A judge in the Victorian Supreme Court will today decide whether the Nine Network’s forthcoming Underbelly series could prejudice an upcoming trial.
It immediately leaves the screening of the series in Victoria hanging in the balance.
In the mid 1990’s, the ABC’s drama about police corruption, Blue Murder, was unable to be screened for 6 years in NSW while legal cases were pending.
The Victorian Director of Public Prosecutions Jeremy Rapke, QC, yesterday told The Age he could not comment on whether he might seek an injunction to stop all or part of the series.
His comments came after it was revealed that an urgent Supreme Court hearing sparked by Nine’s forthcoming dramatisation of Melbourne’s gangland killings has been listed today to discuss its possible ramifications on an impending murder trial.
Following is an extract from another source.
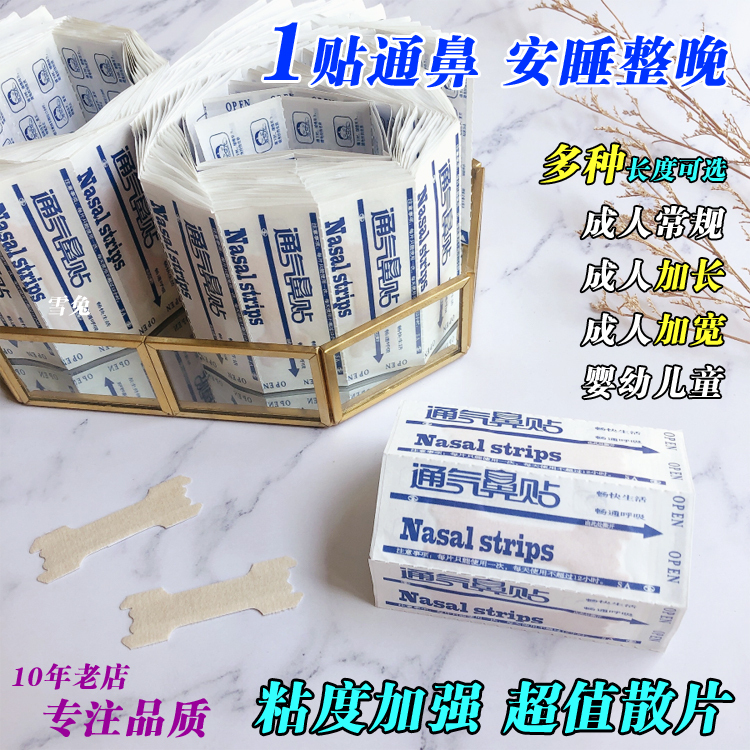Ventilation Nasal Strips for Adults, Extended Length, Transparent, for Children with Nasal Congestion, Anti-Snoring, Contech Alternative, American Nasalease Nasal Strips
A spokesman for Mr Rapke said he had not “had an opportunity to preview the program, and as such is not yet in a position to comment as to whether he would consider seeking an injunction in relation to any or all of the program”.
The statement continued: “This position may alter after the director (DPP) has previewed the program. He hopes to preview some of the program shortly.”
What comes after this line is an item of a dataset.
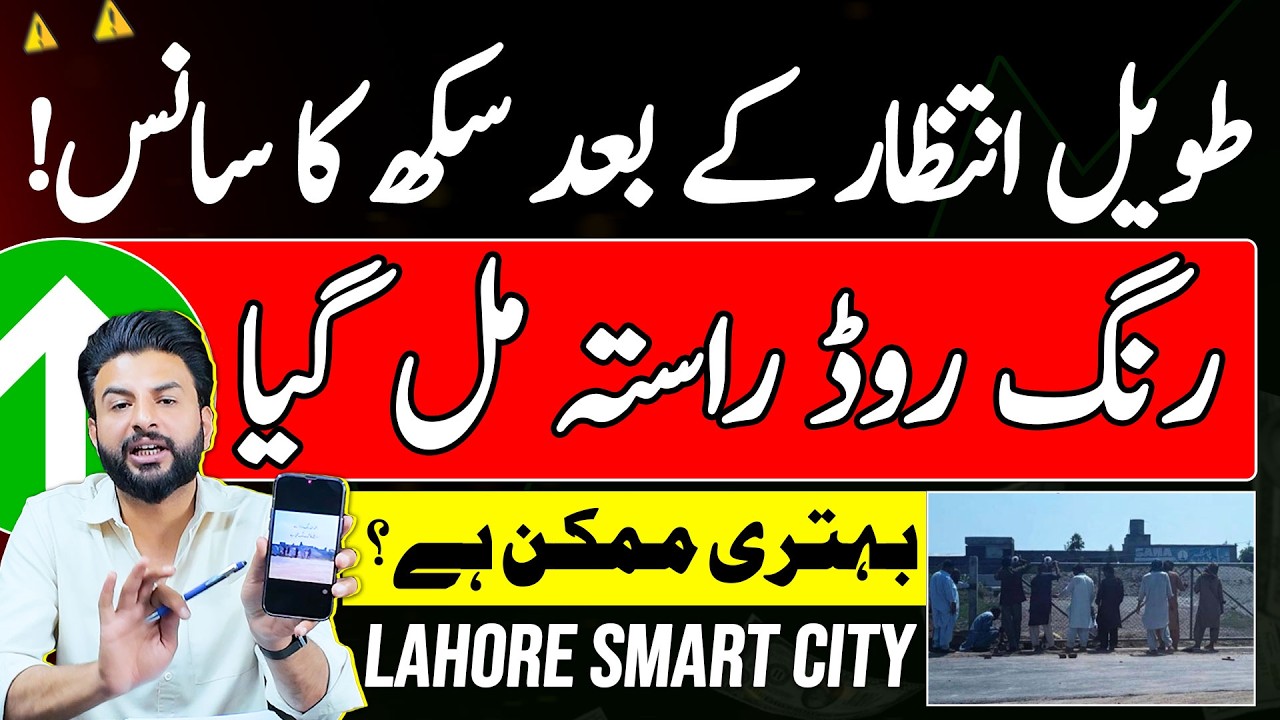 Lahore Smart City MEGA NEWS | Ring Road Access Open | Development | Current Market | Latest Update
A senior Crown prosecutor and a lawyer for Evangelos Goussis — charged with the murder of Lewis Moran — will appear today before Justice Betty King. Channel Nine has been invited to attend.
The prosecution and defence are concerned that anything about Moran’s killing in the Brunswick Club in 2004, if depicted in Underbelly, may prejudice Goussis’ trial, listed to start on March 31.
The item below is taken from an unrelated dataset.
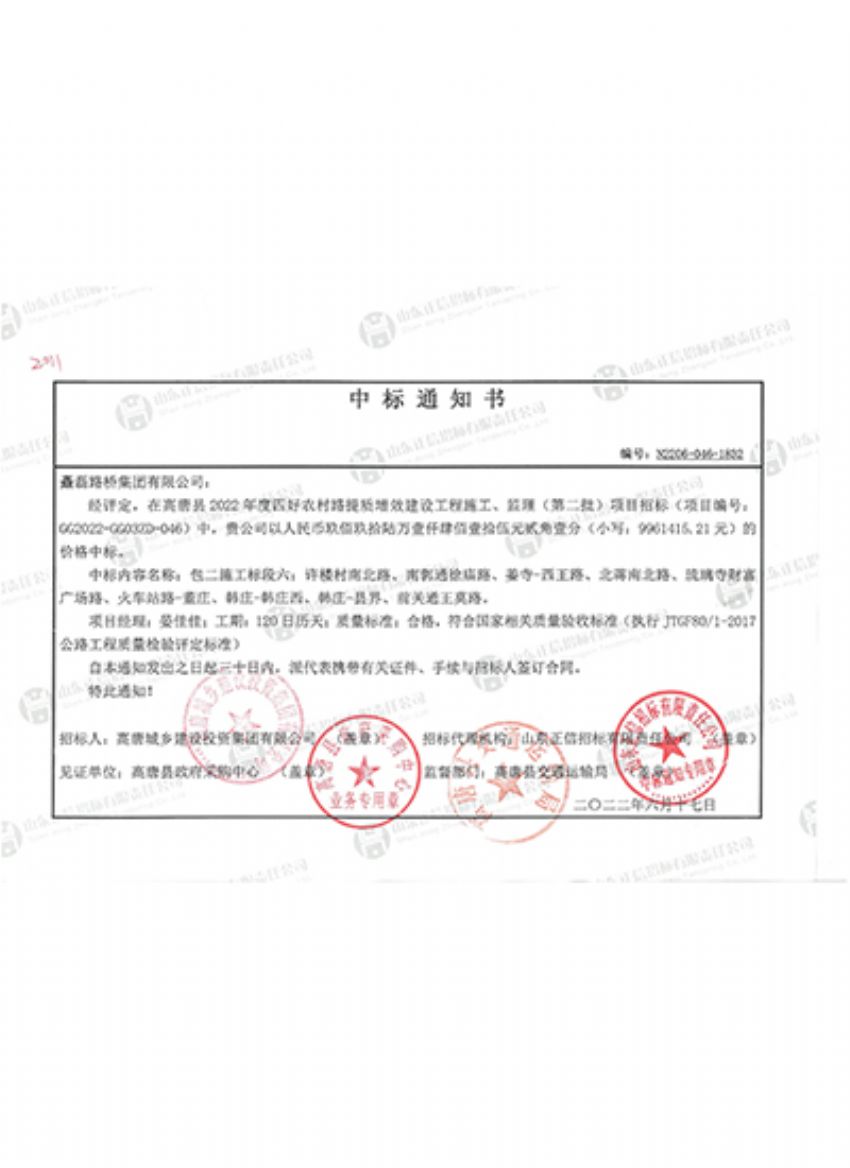 点击查看详细信息<br>标题：中标通知书 阅读次数：648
If Underbelly portrays any person who is currently facing the Victorian courts on criminal charges in a poor light, it might lead to that individual seeking a stay, or delay, in their trial.
There is speculation Nine has altered the names of some of the characters, but the network refused to confirm this.
Nine is on record as saying, “Both Nine and Screentime are conscious of the legal issues and obligations,” she said, “and have been working together since the program’s inception to ensure all such issues are addressed, with full cooperation and support.”
A delay for Nine in Victoria would be a disaster. It is pinning its hopes on the series to spearhead a ratings revival. Any legal complications in the state of Victoria would not affect interstate screenings.
Meanwhile, Judy Moran had sought to meet Caroline Gillmer as filming for the series drew to an end but the TV show’s producers ruled it out. So Ms. Moran watched her perform in the musical, “Menopause.”
“She sent me 35 beautiful roses at the stage door and a beautiful card,” Gillmer said. “I don’t know if it’s going to be the quintessential Judy Moran in terms of the script, in terms of what’s presented – that’s what the public will have to bear in mind with all the characters.
“We are hired to play that script. That’s what my job is – to perform that script that has approval from the legal department.”